In any dictionary, “democracy” holds two distinct definitions: “government by the people,” for one – a system in which the people vote in fair and free elections to determine their government leaders; and (per dictionary.com), “a state of society characterized by formal equality of rights and privileges.” The two concepts are so enormously different I wonder if we don’t even need to come up with a new word for one or the other of them; clearly, at least in our times, calling them by the same name doesn’t work.

What is certainly true is that there has been no democracy in Egypt, at least in terms of “rights and privileges” over the past three decades, and that no new “fair and free” elections are likely to change this very much: was it only weeks ago that Coptic churches and their worshippers were attacked?

Even more horrific than the plight of Egypt’s Christians, however, are the lives of Egyptian women – not, perhaps, most of those you see marching on Tahrir Square, but the tens of millions who are not. According to a 2005 report from the Cairo-based Association of Legal Aid for Women, throughout Egypt, “FGM [female genital mutilation] is universally practiced, veiling is increasingly imposed, and honor crimes are acceptably practiced.” Frequently, those who commit honor killings receive minimal penalties; jail terms can range from none at all to a maximum of four years. Even Egyptian films, the report says, “represent honor killing as part of a highly valued and well respected tradition.”

From Forbes.


Democracy in Egypt? Define “Democracy.”
By Abigail Esman

As the world’s pundits continue to try to read the tea leaves of Egypt’s future, the same question gets rehashed over and over again: Will Egypt now become a democracy? “Yes,” say some. “No,” say the rest. They’re both right. It just depends on what you mean by the word “democracy.”

Five years ago, when a friend was struggling to arrange asylum for a young Iraqi refugee, she ran up against continuing refusal by the US government to open its doors to any of the four million Iraqis displaced by the war in Iraq, many running for their lives simply because they had assisted American journalists or soldiers. “Iraq is a democracy now,” US officials said. “She doesn’t need asylum here.”

If what we saw in Iraq five years ago is what “democracy” really means, then I have, indeed, no doubt: we’ll be seeing democracy in Egypt. But I don’t believe it is.

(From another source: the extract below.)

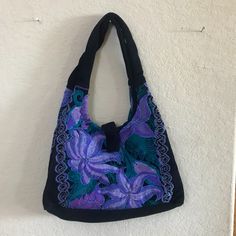 a purple and black purse hanging on a wall next to a white wall with a plant in it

In any dictionary, “democracy” holds two distinct definitions: “government by the people,” for one – a system in which the people vote in fair and free elections to determine their government leaders; and (per dictionary.com), “a state of society characterized by formal equality of rights and privileges.” The two concepts are so enormously different I wonder if we don’t even need to come up with a new word for one or the other of them; clearly, at least in our times, calling them by the same name doesn’t work.

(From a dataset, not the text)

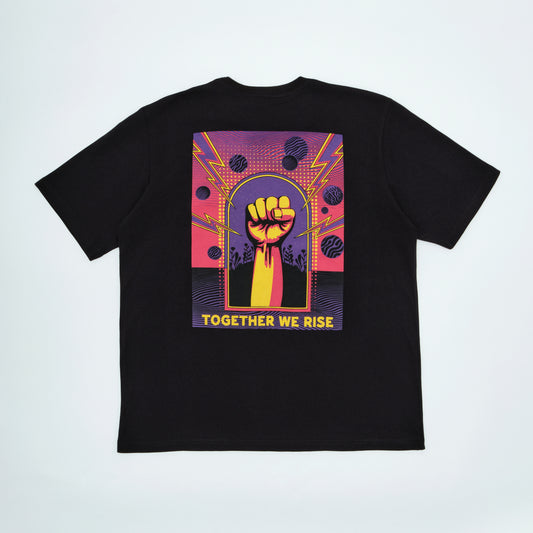 Black t-shirt with a colorful graphic of a raised fist and 'Together We Rise' text on a light gray background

What is certainly true is that there has been no democracy in Egypt, at least in terms of “rights and privileges” over the past three decades, and that no new “fair and free” elections are likely to change this very much: was it only weeks ago that Coptic churches and their worshippers were attacked?

Even more horrific than the plight of Egypt’s Christians, however, are the lives of Egyptian women – not, perhaps, most of those you see marching on Tahrir Square, but the tens of millions who are not. According to a 2005 report from the Cairo-based Association of Legal Aid for Women, throughout Egypt, “FGM [female genital mutilation] is universally practiced, veiling is increasingly imposed, and honor crimes are acceptably practiced.” Frequently, those who commit honor killings receive minimal penalties; jail terms can range from none at all to a maximum of four years. Even Egyptian films, the report says, “represent honor killing as part of a highly valued and well respected tradition.”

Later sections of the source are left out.